▶ [Exercise requirements]: Each line below should be repeated exactly, but no picture should be carried over.

▶ [Data segment]:
══════════════════════════════
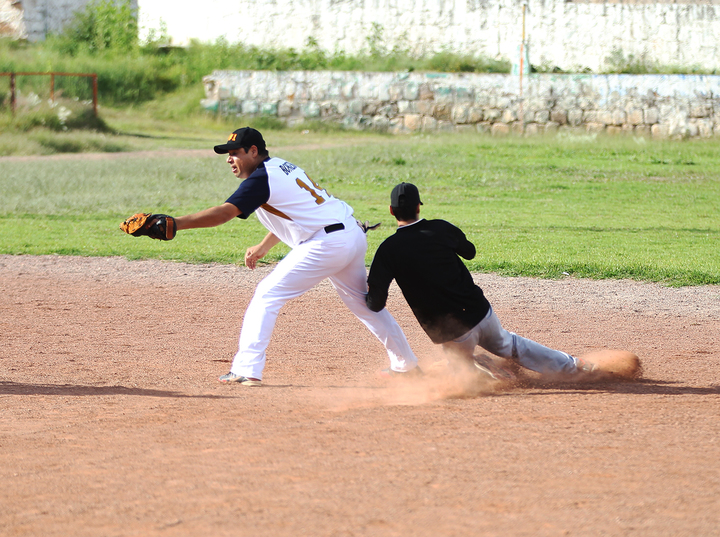 UJED en la cima del Slow Pitch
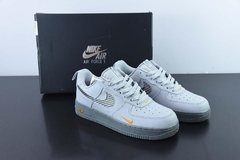 Tênis Nike Air Force 1 Low Wolf Grey Kumquat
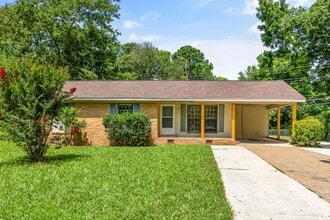 Building Photo - 2111 Shady Ln Cir NW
══════════════════════════════
▶ [Exercise answer]:
 UJED en la cima del Slow Pitch
 Tênis Nike Air Force 1 Low Wolf Grey Kumquat
 Building Photo - 2111 Shady Ln Cir NW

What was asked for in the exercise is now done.